— HOW TO COMPLETE THIS TASK —
From the line that contains "Tapa de Carmen Thyssen-Bornemisza Collection" to the last line of the data below, transcribe every line exactly. Do not include the pictures.

— RECORDED INFORMATION —
* * * * * * * * *
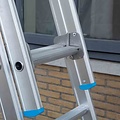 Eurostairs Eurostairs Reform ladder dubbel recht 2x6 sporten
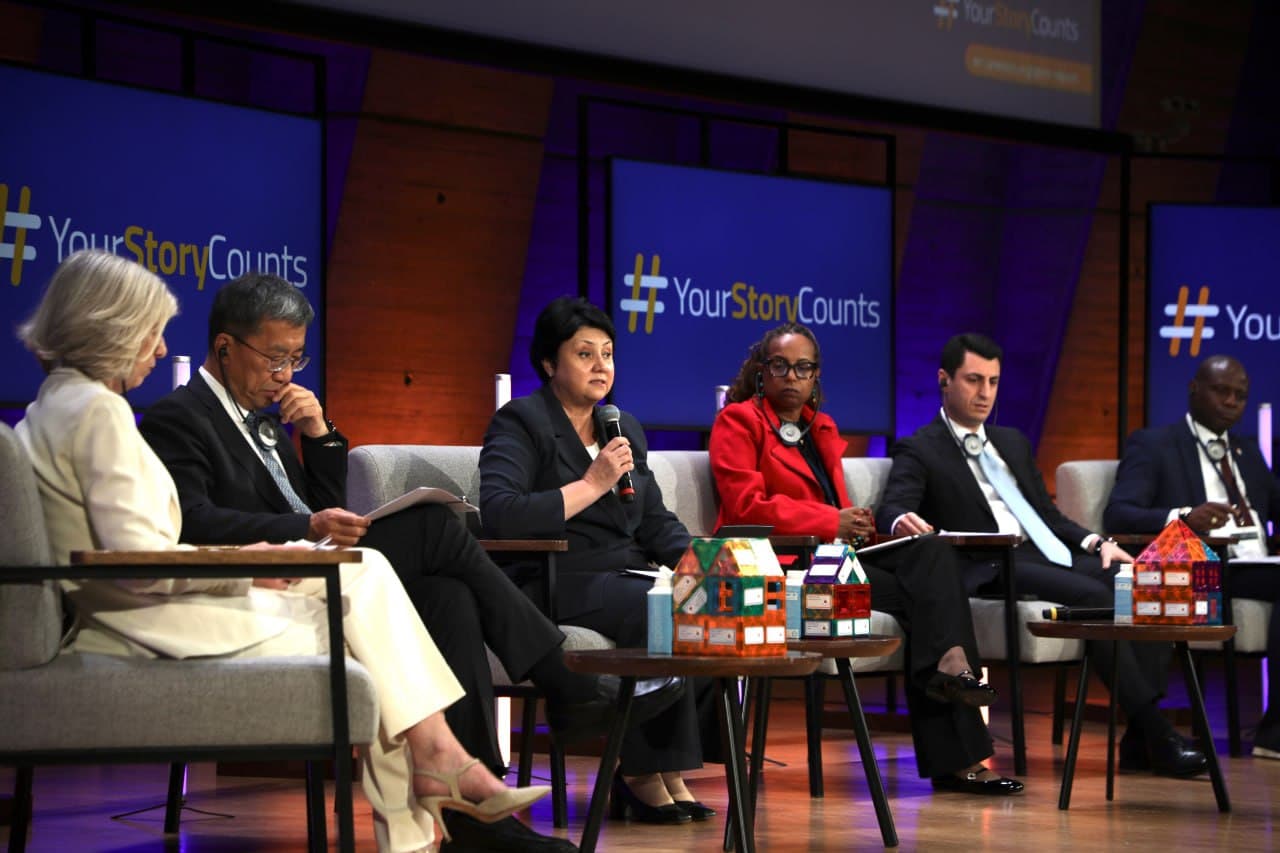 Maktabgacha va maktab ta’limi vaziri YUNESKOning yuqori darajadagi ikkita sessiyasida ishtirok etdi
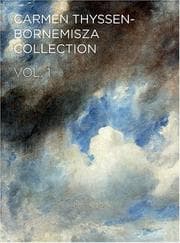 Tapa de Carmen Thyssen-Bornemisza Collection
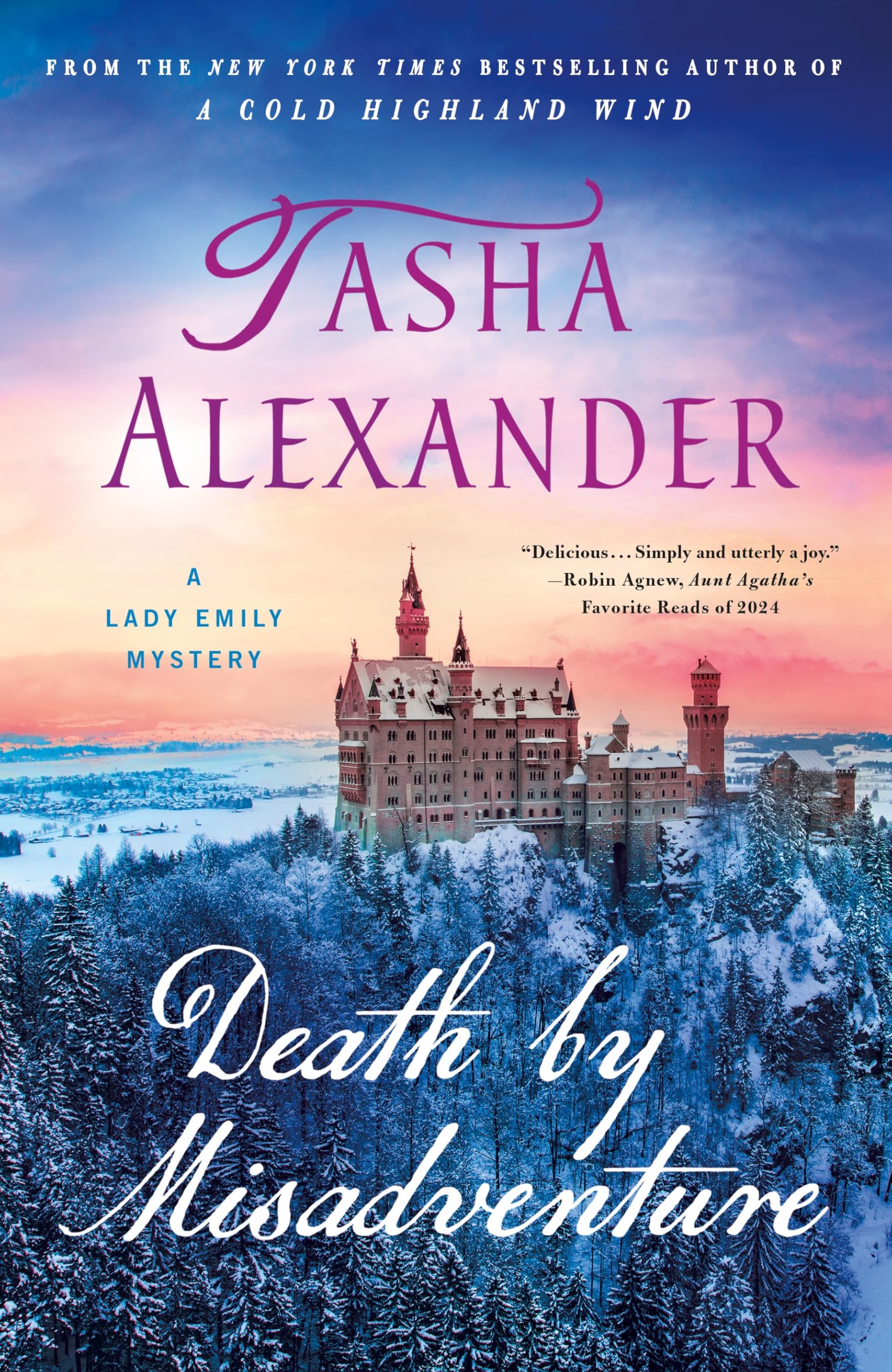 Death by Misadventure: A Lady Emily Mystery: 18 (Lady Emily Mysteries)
* * * * * * * * *
— EXERCISE SOLUTION —
 Tapa de Carmen Thyssen-Bornemisza Collection
 Death by Misadventure: A Lady Emily Mystery: 18 (Lady Emily Mysteries)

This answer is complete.